Once the pre-requisites are satisfied, an NRI can invest online through the fund house’s website using the net-banking option available with the NRE/NRO account. An investment(SIP) mandate can also be given for periodical investments into the scheme.

One can also invest offline by sending the application form attached with KYC documents and a cheque or a DD (demand draft) from the NRE/NRO bank account.

When the mutual fund units are purchased through DD/NEFT/RTGS payment options, the investor might be asked to submit the forward inward remittance certificate (FIRC) to ascertain that the funds are from a particular NRO account, says Saugata Chatterjee, Co-Chief Business Officer, Nippon India Mutual Fund.

FIRC, which is a letter confirming the source of funds, can be easily obtained from the bank with which the investor maintains the specified rupee-denominated account.

Note that third-party platforms that allow to undertake mutual fund transactions is not open for NRI investors.

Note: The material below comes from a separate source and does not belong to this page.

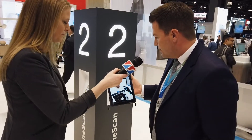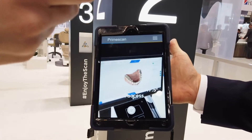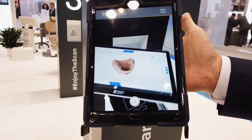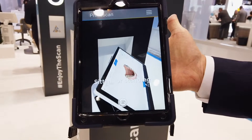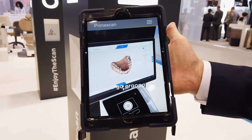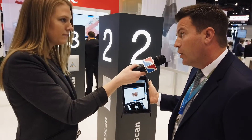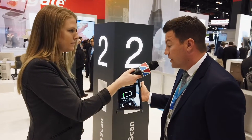PrimeScan is a completely unique digital impression scanner in terms of ease of use and the way that it works. Clinicians can use it sitting down or standing in the operatory. You've got 270 degrees of swivel on the unit, a touchscreen display, and on-the-go ergonomics. We have an all-day battery that allows a clinician to charge it overnight and then use it the whole day with no need to recharge until lunchtime.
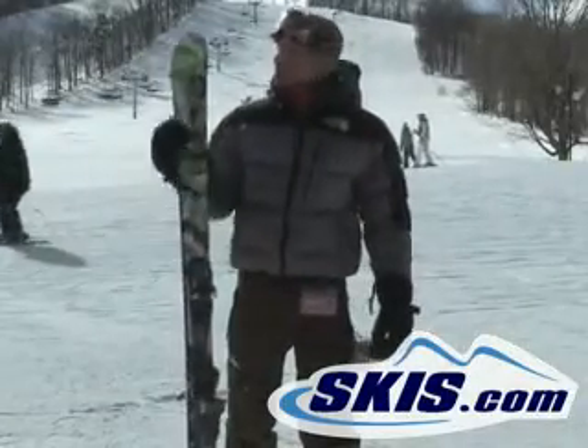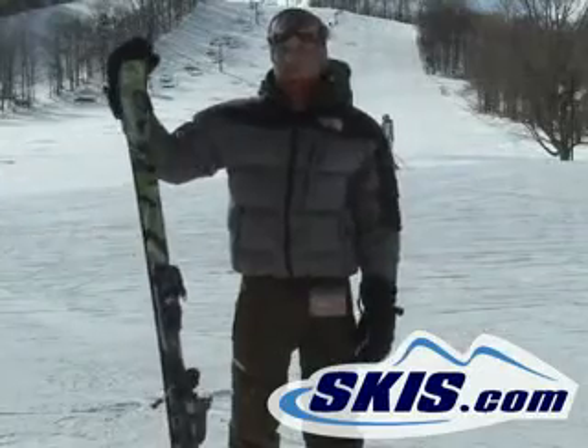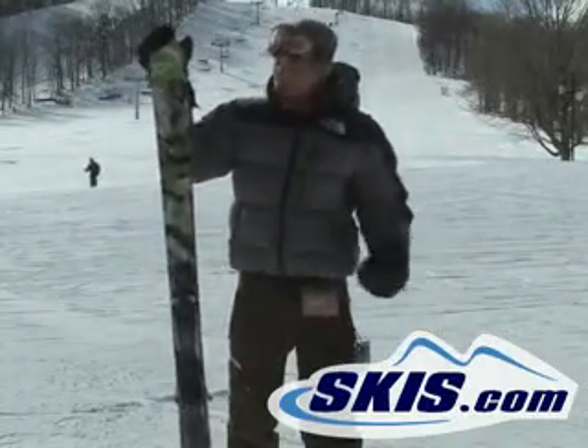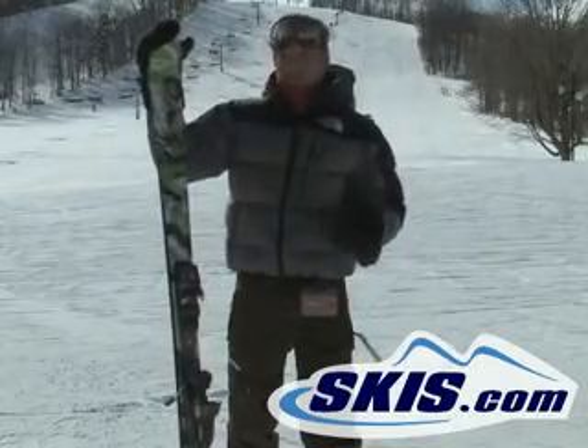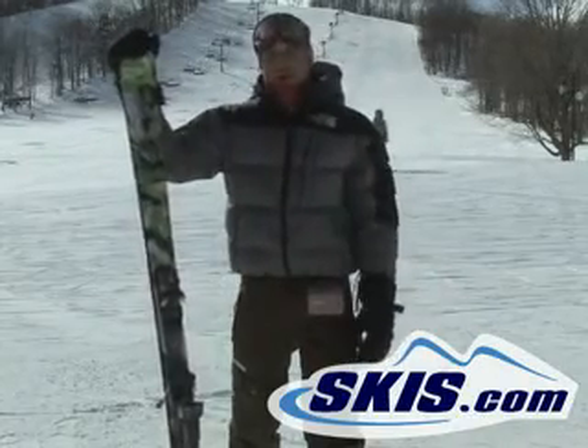Kevin here with the Rossi S2. This is a really fun little ski. It's kind of their entry level price point twin, but you get a lot of ski for your money here. It's still got a vertical side wall, kind of cap construction on the tip over the vertical side wall, so it makes the tip and tail a little bit softer, a little easier to initiate that turn for the less aggressive rider.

NRIs can also invest through their KYC-complaint demat accounts. “SIP mandate with a direct debit feature as well as lump-sum payments can be undertaken through demat,” says Rahul Jain, Head, Edelweiss Wealth Management.

POA

If an NRI does not wish to undergo the above-mentioned process, she can authorise another person in India through a power of attorney (POA) to invest/buy additional units or redeem on her behalf.

POA is a legal document in which the principal designates another person to act on her behalf.

While applying for purchase of units, the POA holder needs to submit the original POA or an attested copy duly notarised, as per SBI Mutual Fund. Note that the POA holder’s signature needs to verified for everytransaction/request.

From US/Canada

NRIs residing in Canada and the US and who have a source of income based out of these countries, have certain restrictions on investing in financial products of other countries, as per the regulatory bodies in these countries.

Chatterjee from Nippon MF says that for investors from the US and Canada, the fund house takes a declaration from the investor that the investment has been done by them without any solicitation from the mutual fund house or distributor.

Also, compliance requirements for mutual fund houses are more with respect to NRI investments from these countries.

Thus, a few fund houses do not allow investments from NRIs in these countries.

Others such as SBI Mutual Fund allow investments on an offline mode when the NRI is present in India.

Be aware

Before an NRI invests in India, she must be fully cognizant of the fact that if the invested amount in India is remitted back abroad, currency risk also plays a role in the overall returns from investments in the home country.